Kritik Formalistik
Kritik ini didasarkan kepada gagasan bahwa bentuk (form) merupakan sesuatu yang penting bagi pemahaman yang sebenarnya dari karya sastra. Jadi permasalahan yang utama bukanlah pertimbangan-pertimbangan yang ekstraliterer seperti kehidupan dan zaman pengarang atau fenomena sosiologis, melainkan sebagai bentuk, efek, sertaterjadinya karya sastra.
Antara pandangan bahwa alat sastra dapat diabstraksi dan larangan untuk melakukan parafrase terjadi kontradiksi. Untuk menjembatani perbedaan tersebut perlu dipahami konsep fungsi, bagaimana alat-alat atau prinsip-prinsip konstruktif tertentu membuat teks menjadi sebuah keseluruhan yang organis.
Hal tersebut akan mengarah pada konsep tentang sistem sastra, dan akhirnya mengarah pada konsep tentang struktur. Selain itu, juga dikembangkan "konsep dominan, ciri menonjol atau utama, aspek bahasa tertentu secara dominan menentukan ciri-ciri khas hasil sastra yang bersangkutan, misalnya rima, matra, atau aspek apa pun sehingga dalam analisis dan interpretasi karya sastra aspek dominan itulah yang harus ditekankan, sedangkan aspek-aspek lain sering menyangga hal yang dominan itu." (Teeuw, 1984:130---131).
Tujuan dari kritik formalistik adalah kajian terhadap sastra agar mencapai taraf ilmiah. Untuk mencapai taraf itulah maka diperlukan sifat-sifat yang universal atau sesuatu yang general dari karya sastra.
Kritik Psikologis
Kritik jenis ini mencoba mendalami aspek/segi-segi kejiwaan suatu karya sastra. Wellek (1962:81) menjelaskan bahwa ada 4 aspek yang berkaitan dengan psikologis sastra, antara lain:
- studi psikologis terhadap pengarang sebagai tipe dan individu,
- studi mengenal proses kreativitas,
- studi mengenal tipe atau hukum-hukum karya sastra, dan
- studi mengenai efek sastra terhadap pembacanya.
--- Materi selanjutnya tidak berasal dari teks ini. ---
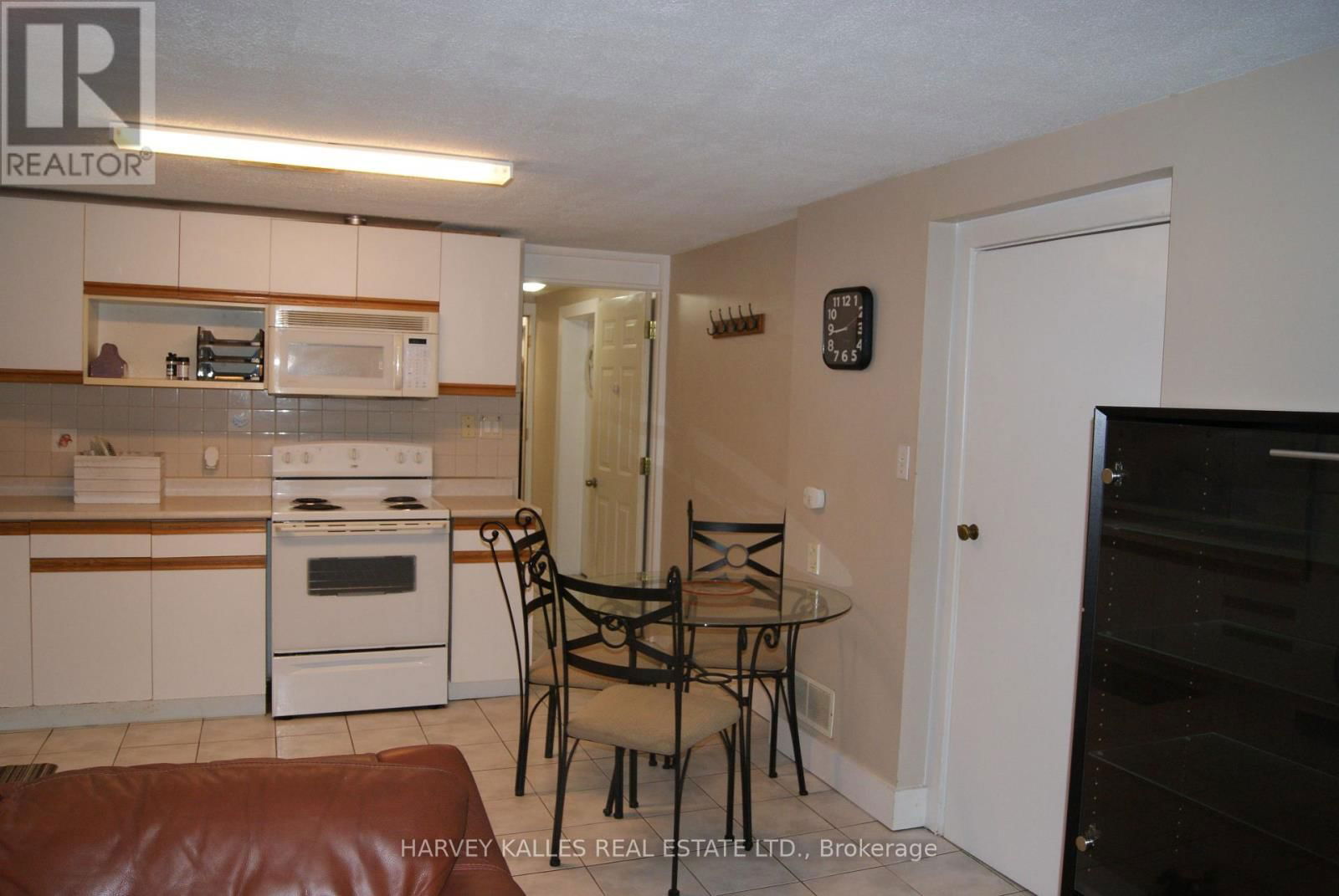 53 GREENBROOK DRIVE Image 14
Kajian psikologis pengarang dapat dilakukan dengan 2 cara, yaitu: (i) dengan alur sastra-pengarang-sastra dan (ii) dokumen-dokumen pribadi nonlieter-kepribadian pengarangsastra. Tujuan utama kajian ini ialah menyelami dan menjelaskan daya tarik suatu karya terhadap pembaca perseorangan.
Kritik Sosiologis
Asumsi yang harus dipegang sebagai pangkal tolak kritik sastra aliran sosiologi ialah bahwa karya sastra tidaklah lahir dari kekosongan sosial (social vacuum). Ini sebenarnya bukanlah suatu asumsi yang berlebihan, meskipun kita juga harus selalu ingat bahwa karya sastra adalah hasil dari daya khayal atau imajinasi. Secara langsung atau tidak imajinasi pengarang dipengaruhi, tidak ditentukan oleh pengalaman manusiawi dalam lingkungan hidupnya, termasuk di dalamnya adalah sumber-sumber bacaan.
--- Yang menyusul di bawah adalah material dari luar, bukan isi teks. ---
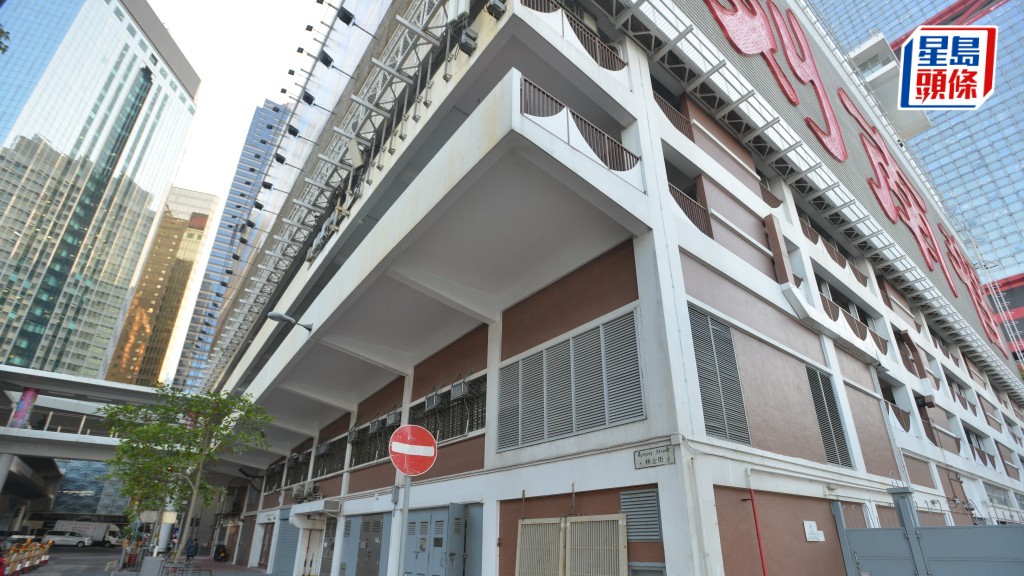 圖為林士街停車場。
Kritikus sosiologis dapat mengkaji hubungan antara pengarang sebagai individu atau tipe dikaitkan dengan keadaan yang khas dari era kultural tempat pengarang/para pengarang itu hidup dan menulis; hubungan antara karya sastra dengan masyarakat yang digambarkannya.
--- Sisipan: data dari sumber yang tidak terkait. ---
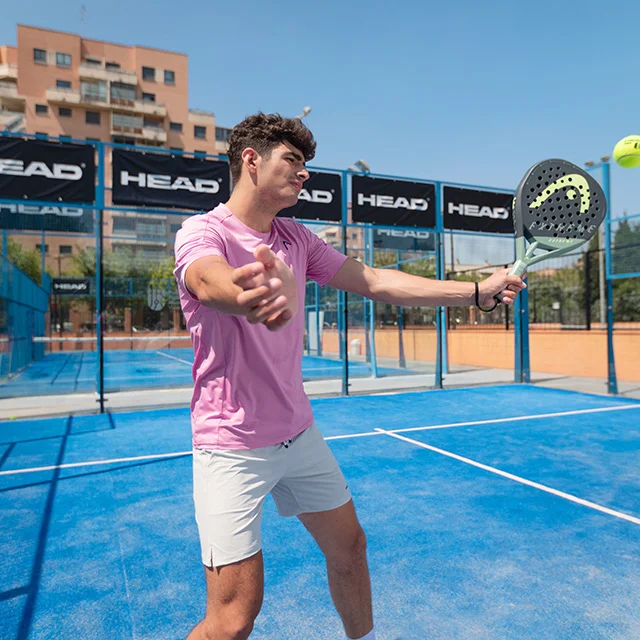Arturo Coello numéro 1 mondial de padel avec HEAD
Wellek tampak lebih memberi kemungkinan telaah yang lebih luas wilayahnya. Menurut keduanya telaah sosiologis terhadap karya sastra dapat berupa:
- sosiologi pengarang yang memasalahkan status sosial, ideologi sosial, dan lain-lain yang menyangkut diri pengarang sebagai pencipta sastra;
- sosiologi karya sastra yang memasalahkan karya sastra itu sendiri, yang menjadi pokok kajiannya ialah apa yang tersirat dalam karya sastra dan apa yang menjadi tujuannya;
- sosiologi sastra yang memasalahkan pembaca dan pengaruh sosial karya sastra (Damono, 1978:3).